Publié le 02/11/2022 11: Mis à jour le 03/11/2022 à 03h09
Le gouvernement vante « un véritable équilibre » sur son futur projet de loi sur l’immigration. Gérald Darmanin et Olivier Dussopt ont dévoilé, mercredi 2 novembre, les grandes lignes de ce texte qui doit être examiné début 2023. Dans un entretien au Monde (article pour les abonnés), les ministres de l’Intérieur et du Travail défendent un durcissement sur les expulsions et des mesures pour l’insertion des travailleurs immigrés. « On doit désormais être méchants avec les méchants et gentils avec les gentils », déclare Gérald Darmanin pour résumer la philosophie du projet. Franceinfo en détaille les contours.

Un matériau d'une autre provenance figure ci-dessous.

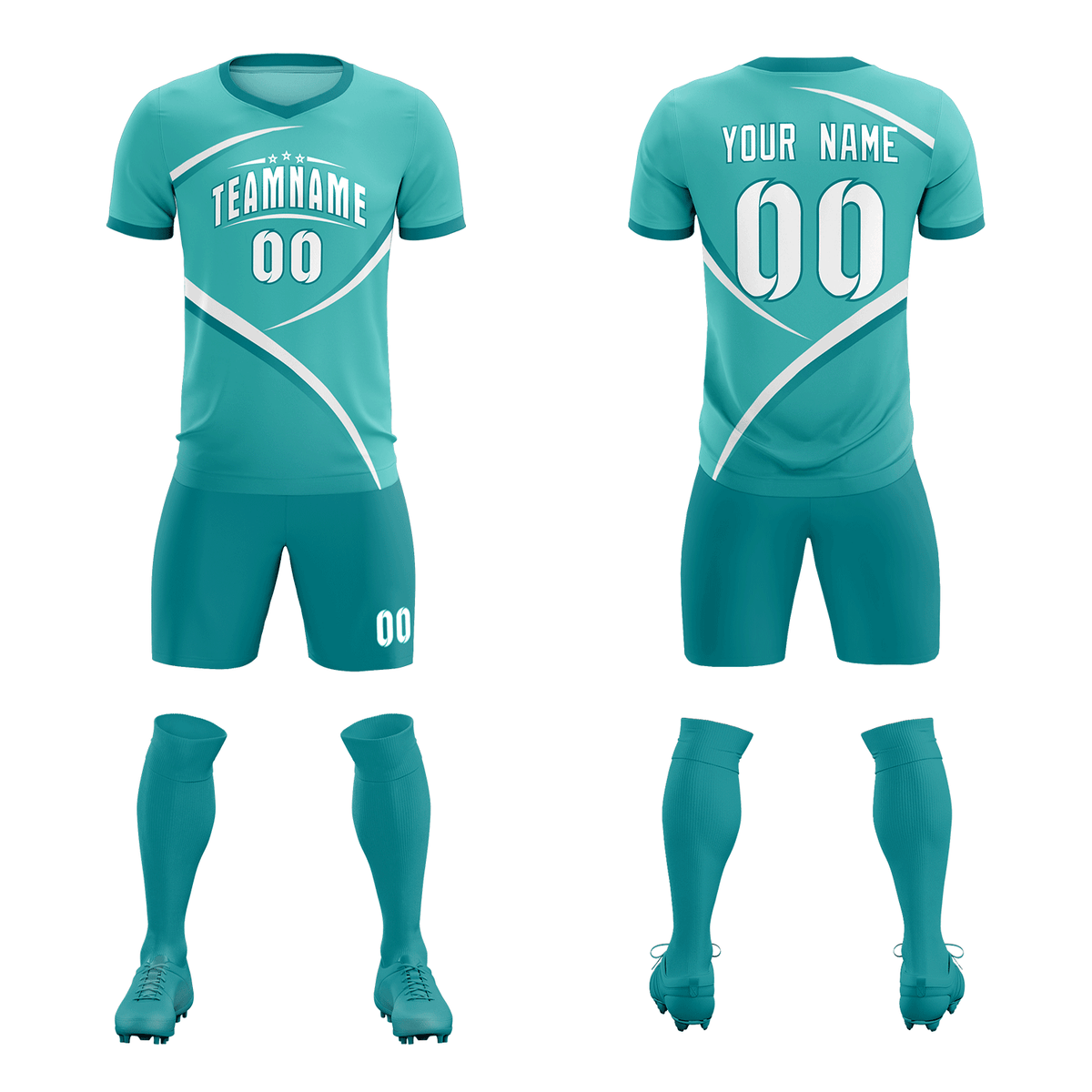 Custom Bright Green Aqua Color Block Training Uniform For Men Soccer Sets Jersey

Créer un titre de séjour « métiers en tension »
Pour recruter dans les secteurs en pénurie de main d’œuvre, le gouvernement plaide pour la création d’un titre de séjour « métiers en tension ». « Les organisations professionnelles nous disent qu’elles ont besoin qu’on facilite le recrutement d’étrangers. Nous leur proposons des solutions avec ce projet de loi », estime le ministre du Travail. « Ce titre de séjour spécifique sera là pour régulariser une situation parce qu’on démontre qu’on travaille dans un métier en tension », a détaillé Olivier Dussopt, citant notamment l’exemple de la filière du bâtiment.
Afin de favoriser l’insertion professionnelle, le gouvernement évoque par ailleurs la « possibilité » de mettre fin, sous certaines conditions, au délai de carence qui empêche les demandeurs d’asile de travailler pendant leurs six premiers mois en France. Il ouvre également la porte à une réforme réclamée de longue date par les syndicats : permettre à un travailleur en situation irrégulière de demander lui-même sa régularisation, « sans passer par l’employeur », qui peut « trouver un intérêt » à le maintenir dans la clandestinité, selon Olivier Dussopt.

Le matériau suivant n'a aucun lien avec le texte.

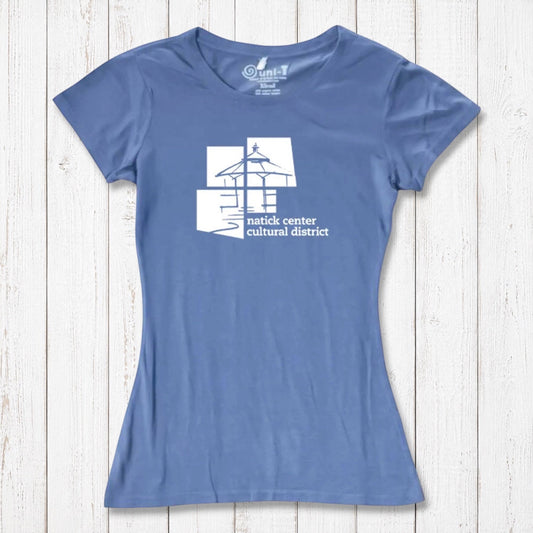 Light blue Women's Bamboo Natick Center T-Shirt with white Natick Cultural District design. Eco-friendly bamboo and organic cotton tee.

Améliorer l’exécution des obligations de quitter le territoire français (OQTF)
Cette future loi sur l’asile et l’immigration doit aussi introduire une série de mesures pour rendre les obligations de quitter le territoire français (OQTF) plus efficaces. Un sujet qui anime le débat public depuis le meurtre de la jeune Lola, dont la principale suspecte était sous le coup d’une OQTF. « Il y a près de 50% des OQTF qui font l’objet de recours qui les suspendent », avance Gérald Darmanin, qui réaffirme sa volonté de « fortement simplifier les procédures » en passant « de douze à quatre catégories de recours » possibles.
Par ailleurs, le ministre de l’Intérieur demande aux préfectures de réaliser un suivi de toutes les personnes visées par une OQTF, soulignant qu’aujourd’hui « le suivi n’existe que pour les personnes dangereuses ». « Le préfet veillera à leur rendre la vie impossible, par exemple en s’assurant qu’elles ne bénéficient plus de prestations sociales ni de logement social », ajoute-t-il. Le ministre de l’Intérieur veut aussi mettre fin aux « réserves d’ordre public » qui « empêchent d’éloigner des personnes arrivées avant 13 ans » en France.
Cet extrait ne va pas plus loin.